To: Rodney King; longshadow; PatrickHenry; Junior; balrog666
Then we did some carbon-dating and we confirmed that these are the real deal. Very cool. Carbon dating a marble statue. This is the kind of real science we should be pissing away money for...
To: Rodney King
Forearm model for Venus de Milo.
To: Rodney King
Instead of looking like the hands of a goddess, they look like those of a plumber! Josephine?
To: general_re
LOL
To: Jagdgewehr
Newsflash: The Louvre hasn't decided whether colorized classic B&W films constitute art. Film at 11.
To: Rodney King
I like the Weekly World News.....where else can you read stories and see pictures of The Bat Boy, The Worlds Other Fattest Man and Jesus while waiting to pay for your groceries?
16
posted on
11/13/2002 2:20:17 PM PST
by
Delbert
To: Rodney King
The giveaway is the mention of King Louis VIII. He reigned from 1223 to 1226, long before the statue was rediscovered.
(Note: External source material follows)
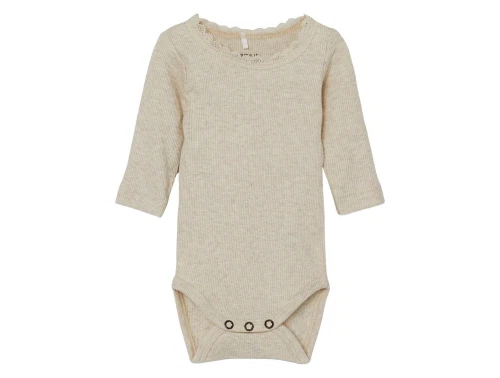 Name It body i råhvid nuance med blondekant ved halsen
I believe a geologist might be able to determine if one piece of marble matched another piece, but I doubt carbon dating would help.
If they were able to prove that one of the hands originally held a lamp, they'd have to rename it the Hillary de Milo, of course.
To: general_re
Carbon dating a marble statue. You beat me to it.
To: general_re
But you can carbon-date a marble statue. It's calcium carbonate. Only problem is that it wouldn't tell you when the statue was carved, it would tell you when the marble was formed ... if it worked back that far, which it doesn't.
19
posted on
11/13/2002 2:22:10 PM PST
by
Campion
To: Rodney King
Wasn't the Venus de Milo found on Melos in the Aegean? How would the arms end up in Croatia?